I am trying to figure out the equivalent of this Java in Clojure:
public int compute(int x) {
if (x < 0) return 0;
// continue do some computing
return result;
}
Is there idiomatic Clojure that "break" processing within a function and return a result?
One of the main guiding principals when programming with Clojure is that everything "returns" a value, though it is usually expressed as "everything evaluates to something". When calling a function the result of the function is the result of the last expression in the function.
user> (defn foo [] 1 2 3 4)
#'user/foo
user> (foo)
4
There are several forms for expressing the idea of "stopping early":
user> (defn compute [x] (cond (< x 0) 0 :default (* x 42)))
#'user/compute
user> (compute 1)
42
or
user> (defn compute [x] (if-let [y (< x 0)] (* 8 y) (* 4 x)))
#'user/compute
user> (compute 1)
4
or a simple if expression. The important concept being that everything results in a new value. This has spawned many buzwords in the clojure community including "value oriented programming"
No. There is no short-circuit return statement (or break or goto ... ).

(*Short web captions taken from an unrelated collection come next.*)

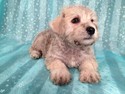 Male Schnoodle for sale Ready Now September 2012
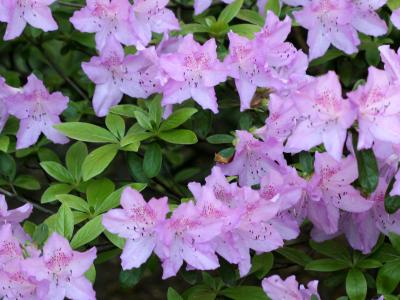 Azaleas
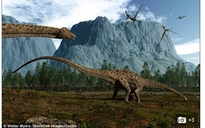 Vì sao loài khủng long lại tránh xa vùng xích đạo ?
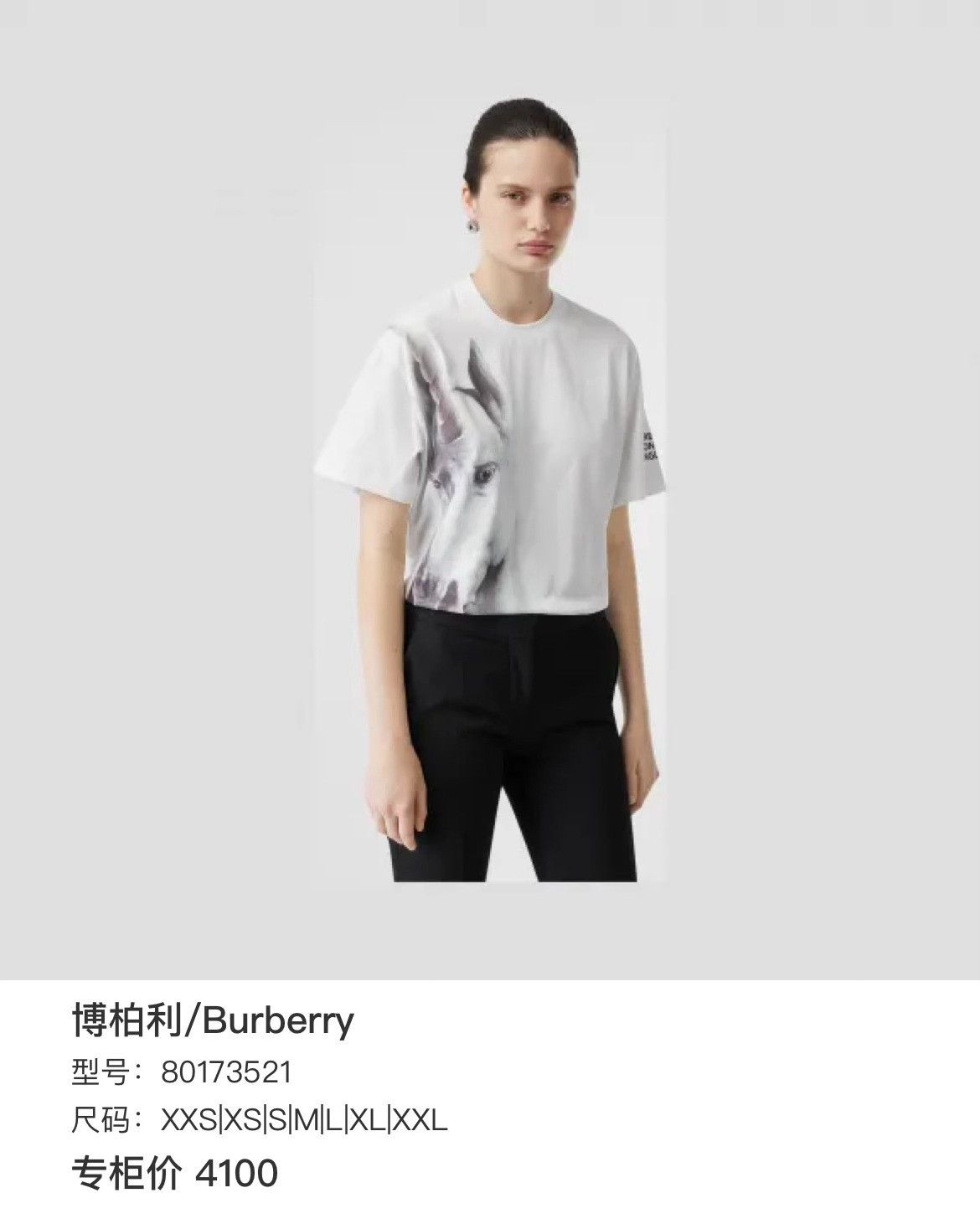 Burberry Burberry T-Shirt s Men Size US S / EU 44-46 / 1 - 6 Thumbnail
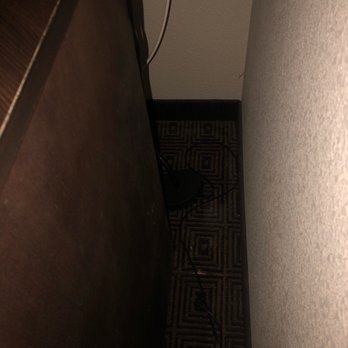 Hampton Inn & Suites Yonkers - Layers of dust hiding table lamp - Hotels Near Me - Yonkers, New York Hampton Inn & Suites Yonkers - Layers of dust hiding table lamp - Hotels Near Me - Yonkers, New York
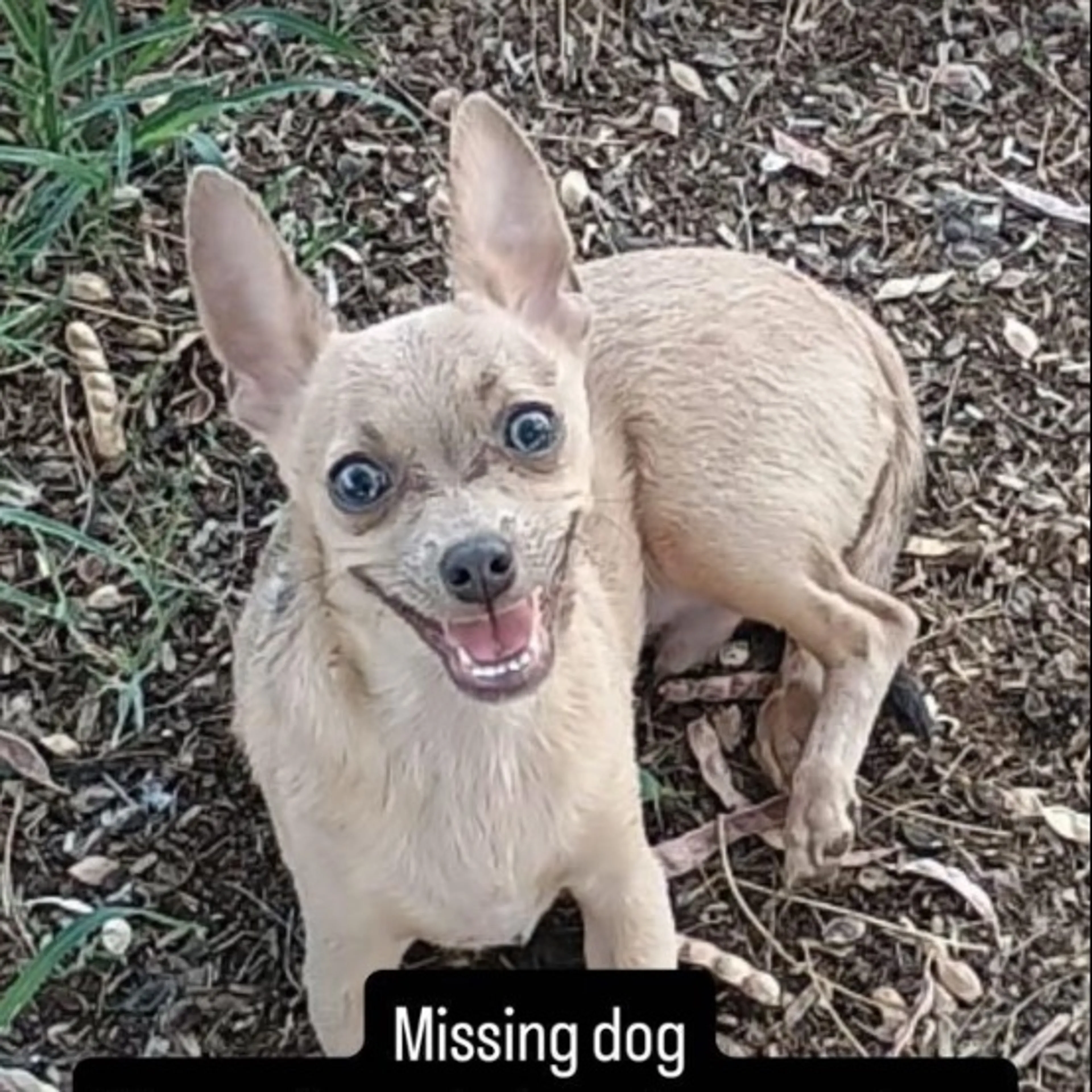 Lost pet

Return is implicit.
A near equivalent in Clojure to your example is
(defn test [x]
(if (< x 0)
0
(let [result (comment compute result)]
result)))
But you would probably return result without naming it:
(defn test [x]
(if (< x 0)
0
(comment compute result)))
These run, but the comment always evaluates to nil.
By the way, the if construct with two expressions (rather than the full three) returns nil if the test fails.
(if (< 3 0) 0) ; nil
So there is always something to return.